**Task to carry out**
Give back the data below word for word. Any image in it should be left out.

**Exercise material**
=======
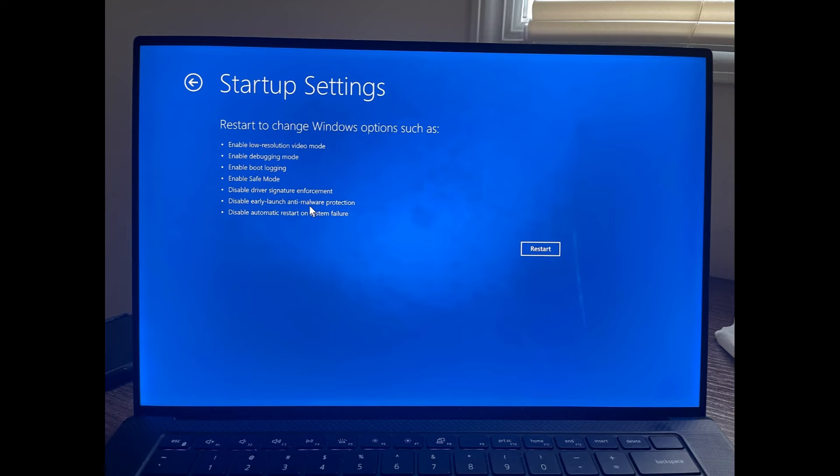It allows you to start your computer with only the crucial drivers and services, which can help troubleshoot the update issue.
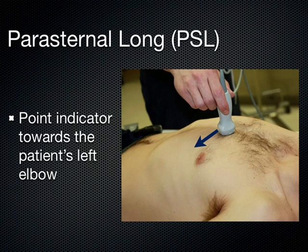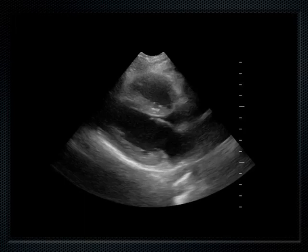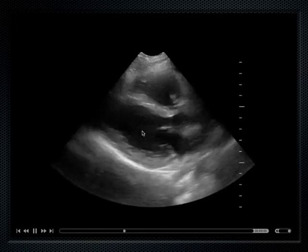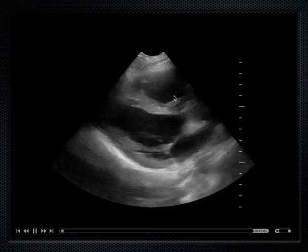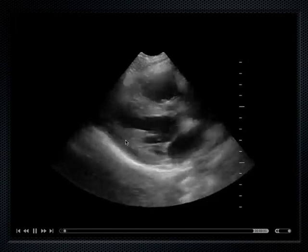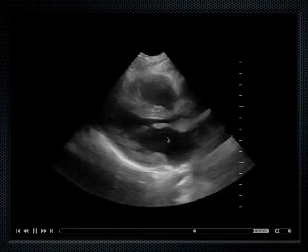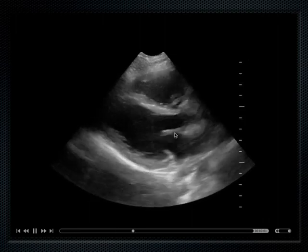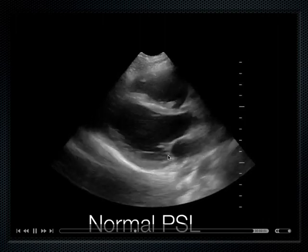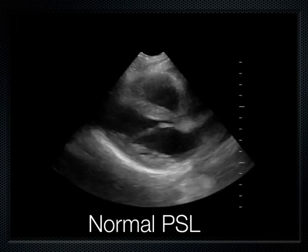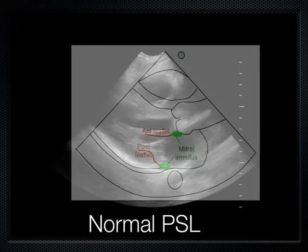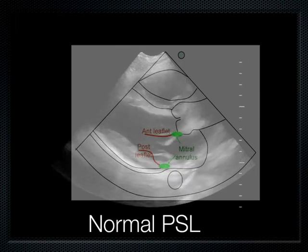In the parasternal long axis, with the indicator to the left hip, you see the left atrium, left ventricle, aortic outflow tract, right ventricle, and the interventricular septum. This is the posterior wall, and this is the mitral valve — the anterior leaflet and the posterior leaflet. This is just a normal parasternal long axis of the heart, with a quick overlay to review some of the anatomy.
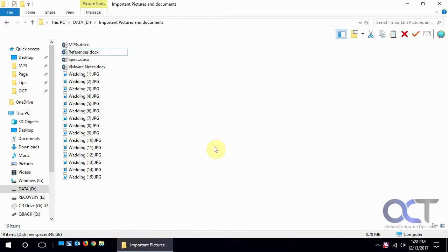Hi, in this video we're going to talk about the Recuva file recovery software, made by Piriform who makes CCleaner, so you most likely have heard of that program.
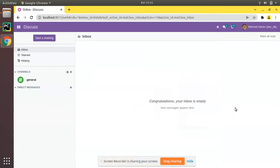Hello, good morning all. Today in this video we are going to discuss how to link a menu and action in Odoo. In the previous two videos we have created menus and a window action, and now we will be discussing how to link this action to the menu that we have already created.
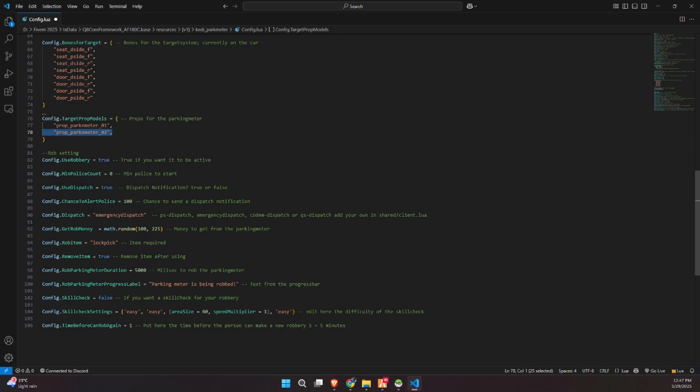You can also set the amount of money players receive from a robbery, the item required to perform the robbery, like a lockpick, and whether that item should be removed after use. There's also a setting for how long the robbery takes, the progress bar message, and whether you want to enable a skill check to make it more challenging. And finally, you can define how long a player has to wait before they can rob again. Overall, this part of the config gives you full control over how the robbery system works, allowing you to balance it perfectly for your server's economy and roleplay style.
=======
**Result of the exercise**
It allows you to start your computer with only the crucial drivers and services, which can help troubleshoot the update issue.
In the parasternal long axis, with the indicator to the left hip, you see the left atrium, left ventricle, aortic outflow tract, right ventricle, and the interventricular septum. This is the posterior wall, and this is the mitral valve — the anterior leaflet and the posterior leaflet. This is just a normal parasternal long axis of the heart, with a quick overlay to review some of the anatomy.
Hi, in this video we're going to talk about the Recuva file recovery software, made by Piriform who makes CCleaner, so you most likely have heard of that program.
Hello, good morning all. Today in this video we are going to discuss how to link a menu and action in Odoo. In the previous two videos we have created menus and a window action, and now we will be discussing how to link this action to the menu that we have already created.
You can also set the amount of money players receive from a robbery, the item required to perform the robbery, like a lockpick, and whether that item should be removed after use. There's also a setting for how long the robbery takes, the progress bar message, and whether you want to enable a skill check to make it more challenging. And finally, you can define how long a player has to wait before they can rob again. Overall, this part of the config gives you full control over how the robbery system works, allowing you to balance it perfectly for your server's economy and roleplay style.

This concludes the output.